Re: Crash of almost full ceph

Gregory Farnum <greg@xxxxxxxxxxx> · Tue, 7 Aug 2012 12:35:26 -0700

On Mon, Aug 6, 2012 at 11:23 PM, Vladimir Bashkirtsev
<vladimir@xxxxxxxxxxxxxxx> wrote:
>> Oh, I see what you're saying. Given how distributed Ceph is this is
>> actually harder than it sounds — we could get closer by refusing to
>> mark OSDs out whenever the full list is non-empty, but we could not
>> for instance do partial recovery and then stop once an OSD gets full.
>> In any case, I've made a bug (http://tracker.newdream.net/issues/2911)
>> since this isn't something I can hack together right now. :)
>> -Greg
>
> Refusing to mark OSDs out when full list is non-empty will definitely be a
> big step in right direction.

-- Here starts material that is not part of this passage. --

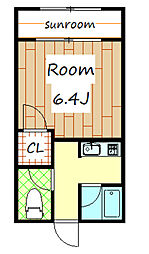 ミントハウス 1階1Kの間取り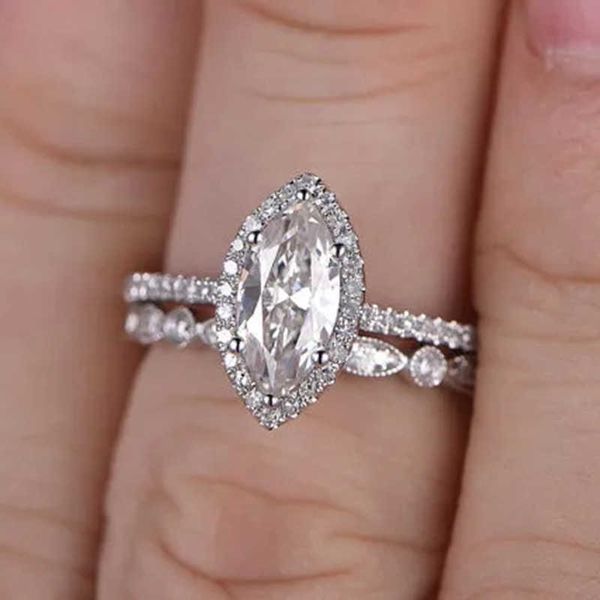 

band rings huitan luxury silver color set rings fashion jewelry for women 2023 new marquise cubic zirconia 2pcs rings wedding accessories aa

It will prevent cascading failure I have
> described originally. But on other hand I think the way around complication
> of distributed nature is to have OSD itself to refuse backfill when it has
> reached full state regardless of where backfill coming from. In this case
> backfill will stall while clients activity still will be handled as per
> normal. Or OSD does not distinguish backfill requests from other OSDs and
> clients requests? Question of course is what other OSD will do when its peer
> refuses to accept backfill while it is still marked as in. There some
> stand-off period required on OSD which sends backfill. So it looks like OSD
> should have two things:
> 1. When receiving backfill check if already full and if it is drop request,
> don't ack back.
> 2. When sending backfill if ack did not arrive in reasonable time retry
> later after some time has passed (something tells me that such functionality
> already in place).
>
> I should admit I have not read ceph code but with all experience which I
> have got with ceph it seems that it should be fairly easy to implement.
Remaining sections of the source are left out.